Beitrag von ohrweide »

Ca. 80 % meiner Gartenbeete sind mit Wickroggen eingesät und stehen im prächtigen Grün. Kann ich an frostfreien Tagen mit meinem Urin (verdünnt) gießen und düngen? Ist der Wickroggen im Winter in der Lage, den enthaltenen Stickstoff zu binden, so dass er im kommenden Gartenjahr es wachsen lässt? Anfang März pflege ich meinen Gründung flach einzuarbeiten, um im April/Mai sähen und pflanzen zu können.
Auf verständnisfördernde Antworten freue ich mich.

Gruß, ohrweide
Schinus
Beiträge: 38
Registriert: So 15. Dez 2013, 07:45

Re: Urin im Winter

Beitrag von Schinus »

Guten morgen Ohrweide,
da mich das Thema ebenfalls interessiert, kann ich dir ja mal meine Erfahrungen dazu erzählen. Allerdings hab ich eine Gärtnerei und arbeite mit Pflanzen ausschließlich unter Glas, also keine Freiland Erfahrungen. Egal welchen Mineraldünger du verwendest, im Winter nehmen die Pflanzen in unseren Breiten einfach so gut wie nichts auf. Bodentemperatur, Tageslänge/Lichtmenge, Lufttemperatur, das sind die Eckpfeiler mit denen der Pflanzenmotor - nein Pflanzenorganismus (ist ja keine Maschine) - in Schwung kommt. Nun sehe ich zwar bei uns jedes Jahr im Frühjahr, wenn der Schnee noch zum Teil auf den Feldern liegt, viele Bauern mit ihren Kunstdüngerstreuern über das Getreide und den Raps brausen und frag mich immer, was das soll. Ich selbst fange bei meinen Pflanzen im Glashaus erst wieder ab mitte Februar an mit der Düngung. Da stimmt die Tageslänge schon wieder einigermaßen und die Bodentemperatur im Gewächshaus ist durch die Sonne schon wieder in frühlinghaften Schwung.
Mit der Speicherung von Urin im Boden hab ich allerdings auch noch keine allumfassend schlüssige Erklärung.
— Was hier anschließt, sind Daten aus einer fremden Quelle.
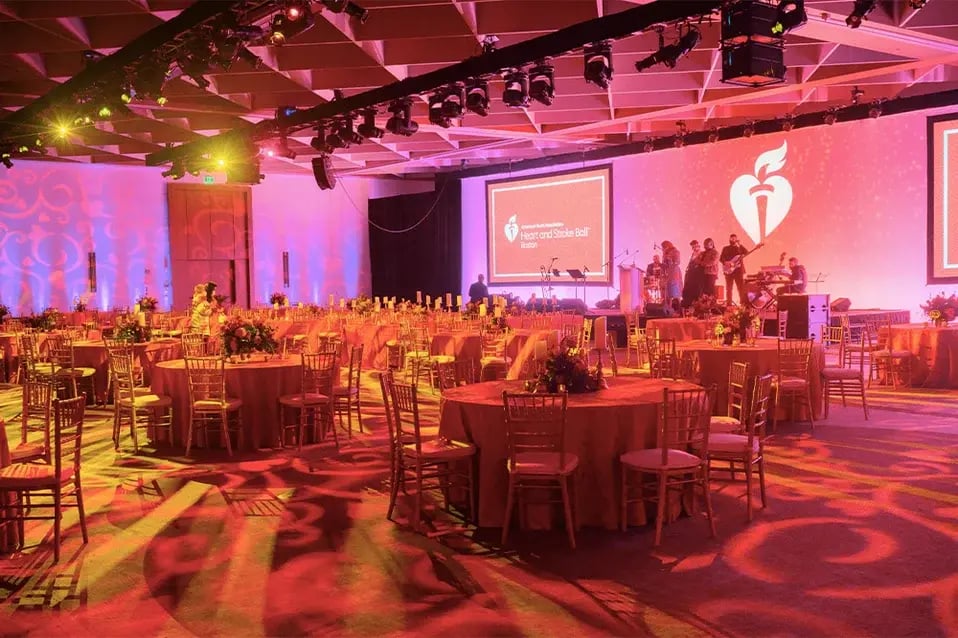 Heart+and+Stroke+Ball+Event+Lighting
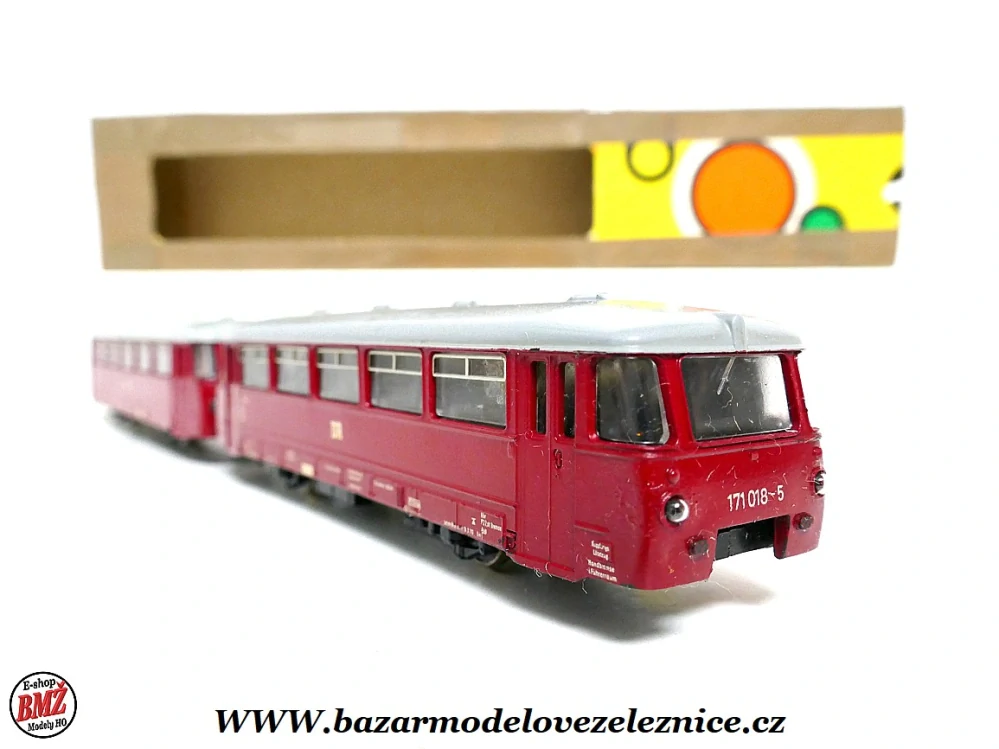 BTTB - Dieselová souprava LVT 171 DR- TT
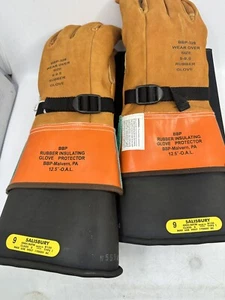 Honeywell Salisbury Handschuhe & Trage-/Aufbewahrungstasche Sturmhaube Klasse 2 Typ 1 Gr. 9 - Bild 1 von 7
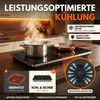 Piano di cottura a induzione Sommertal 1 piastra 2000W Anteprima dell’immagine prodotto 9
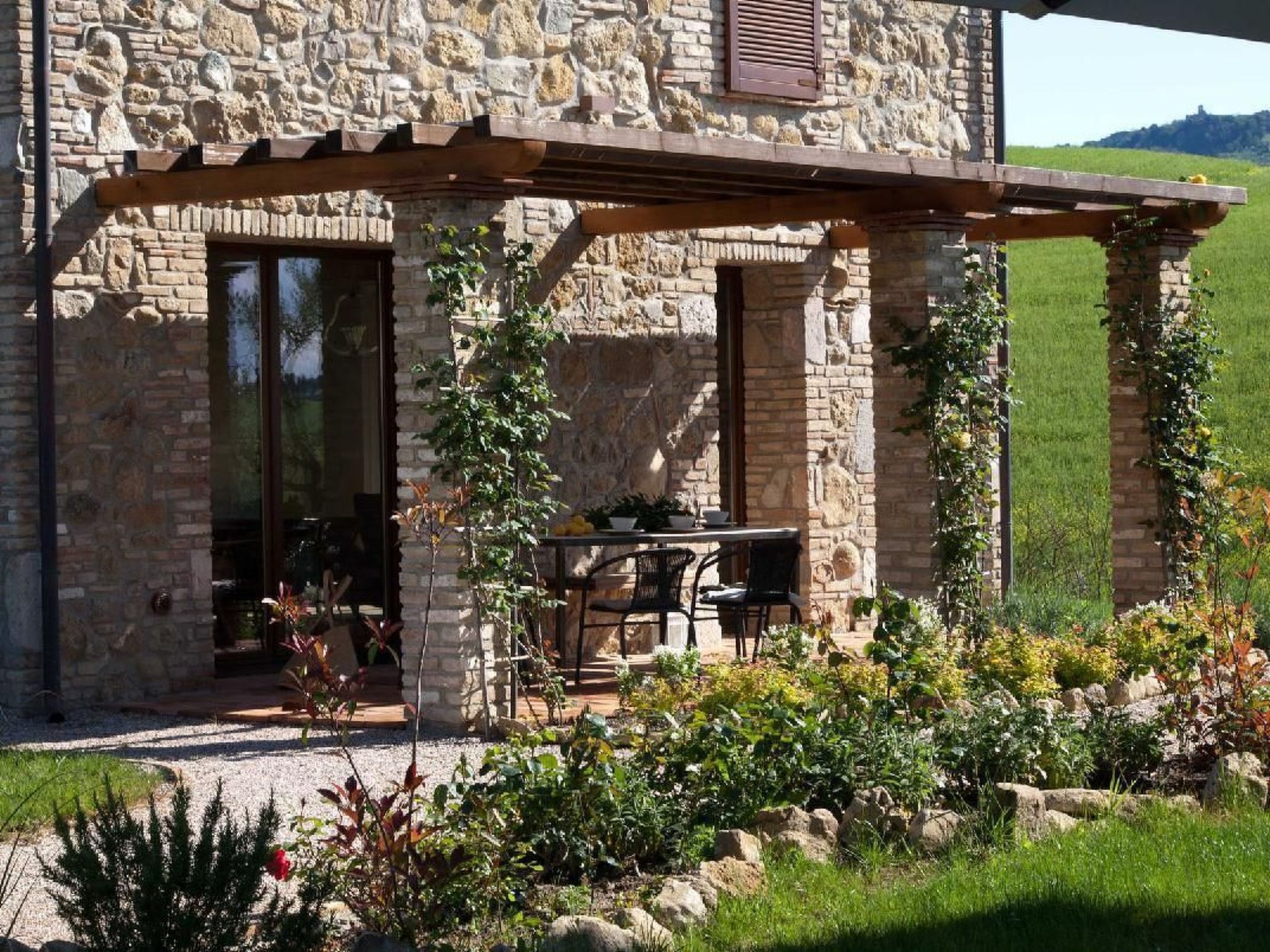 "Villa IV Viaggio"-Binnen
An anderer Stelle in diesem Forum wurde das Thema schon ausführlich besprochen. Sicher ist jedoch, dass der winter den Vorteil hat, dass durch die kühlen Temperaturen das Ammoniak nicht gleich durch die Luft abhaut. Um vor Allem den Stickstoff des Urins im Boden zu speichern brauchts Kohlenstoff inform von Stroh, Holzhäcksel, Laub, Holzkohle, abgestorbene holzige Pflanzenteile. Sind die nicht im Boden vorrätig, wird der Stickstoff mit den Regen und Schneefällen ausgewaschen. Oder aber du wartest bis ins Frühjahr, sammelst deinen Urin (das geht gut, hab ich selber ausprobiert, da riecht nix wenn er kühl gelagert wird. So mach ich das zumindest bei mir) und bringst den dann aus, wenn das Pflanzenwachstum in Gang kommt. Übrigens die viel zitierten Verbrennungen an Pflanzenteile durch zu intensive Urindüngung hab ich bisher noch nicht beobachten können. Und dazu hab ich wirklich schon sehr viel probiert. Allerdings hab ich eine Untersuchung gelesen von der Humbolt Universität Berlin, wo die Uringaben an Winterroggen und -weizen sowie an Raps gemacht hatten und feststellten, dass Urin einen Dünge Vergleich mit Kunstdünger durchaus standhalten kann. Aber nach der Urindüngung verschwinden zunächst mal alle Regenwürmer. Erst nach etwa 2 Wochen kommen die wieder zurück.
Das wären so die wichtigsten Dinge, die mir dazu einfallen.
Herzliche Grüße
Thomas
ohrweide
Beiträge: 6
Registriert: Mi 17. Okt 2012, 19:17

Re: Urin im Winter

Beitrag von ohrweide »

Danke, Schinus. Durch Deinen ausführlichen Beitrag ist mir einiges klargeworden.
Da mein Wickroggen im Winter nur bei sehr milder Witterung überhaupt weiterwächst, wird er auch nur wenig Stickstoff aufnehmen können. Sein Hauptnutzen wird darin liegen, den von den Gartenfrüchten nicht verbrauchten Stickstoff noch aufzunehmen und ihn so vor ausgewaschen werden im Winter zu retten. Außerdem schneide ich täglich etwas von dem Wickroggen für meine vier Hühner klein, worüber sich diese sichtlich freuen.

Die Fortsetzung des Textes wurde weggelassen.